CÉRÉMONIES DE FEMMES de Jeanne de Berg (1985)
Maîtresse SM et épouse d’Alain Robbe-Grillet, Catherine Robbe-Grillet se dissimulait derrière le pseudo de Jeanne de Berg pour signer le récit de ses cérémonies, et nous ouvrir les portes d’un univers secret.
En 1956, un certain Jean de Berg publie L’Image aux Editions de Minuit, un roman érotique qui sera aussitôt frappé par la censure. Vingt-neuf ans plus tard, sur le plateau d’Apostrophes au milieu d’invités médusés, apparaît une certaine Jeanne de Berg, petite et gracile, le visage masqué par une voilette. Elle est l’invitée de Bernard Pivot pour présenter Cérémonies de femmes, le livre étonnant où elle consigne les cérémonies BDSM qu’elle organise entre femmes. Tous la regardent sans savoir s’il s’agit d’une farce ou d’un véritable phénomène. Pivot suggère alors qu’elle est l’épouse d’un écrivain célèbre, dont le nom ressemble à “jupe brûlée”.
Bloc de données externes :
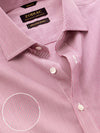Vivace Red Striped Full Sleeve Single Cuff Classic Fit Semi Formal Silk Touch Egyptian Giza Cotton Shirt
Jean ou Jeanne de Berg, c’est en fait Catherine Robbe-Grillet, née en 1930, qui a épousé le pape du Nouveau Roman, Alain Robbe-Grillet, en 1957 ; d’abord initiée par son mari au rôle de soumise, elle réalisera vite qu’elle est plutôt dominatrice, qu’elle aime les mises en scène théâtrales, une forme de déplacement du sexe dans un rituel sadomasochiste encore prolongé ou accentué par l’écriture d’une scénographie, l’imagination d’un décor, l’ajout d’artifices… Bref, dans la recréation tridimensionnelle d’un univers totalement fantasmatique, onirique, dont la plus grande beauté réside aussi dans son caractère éphémère. Un moment troublant, inédit, qui ne se partage qu’entre participant·es.
Catherine Robbe-Grillet a toujours refusé que ses cérémonies soient filmées, et “vues” par des non-initié·es autrement que par l’écriture de ses livres. Cérémonies de femmes nous ouvre donc les portes d’un monde parallèle au nôtre (nous, les non pratiquant·es), d’un culte esthétique, cérébral, ritualisé, littéraire, d’autant plus érotique – et non pornographique – qu’il comporte ses propres codes, secrets.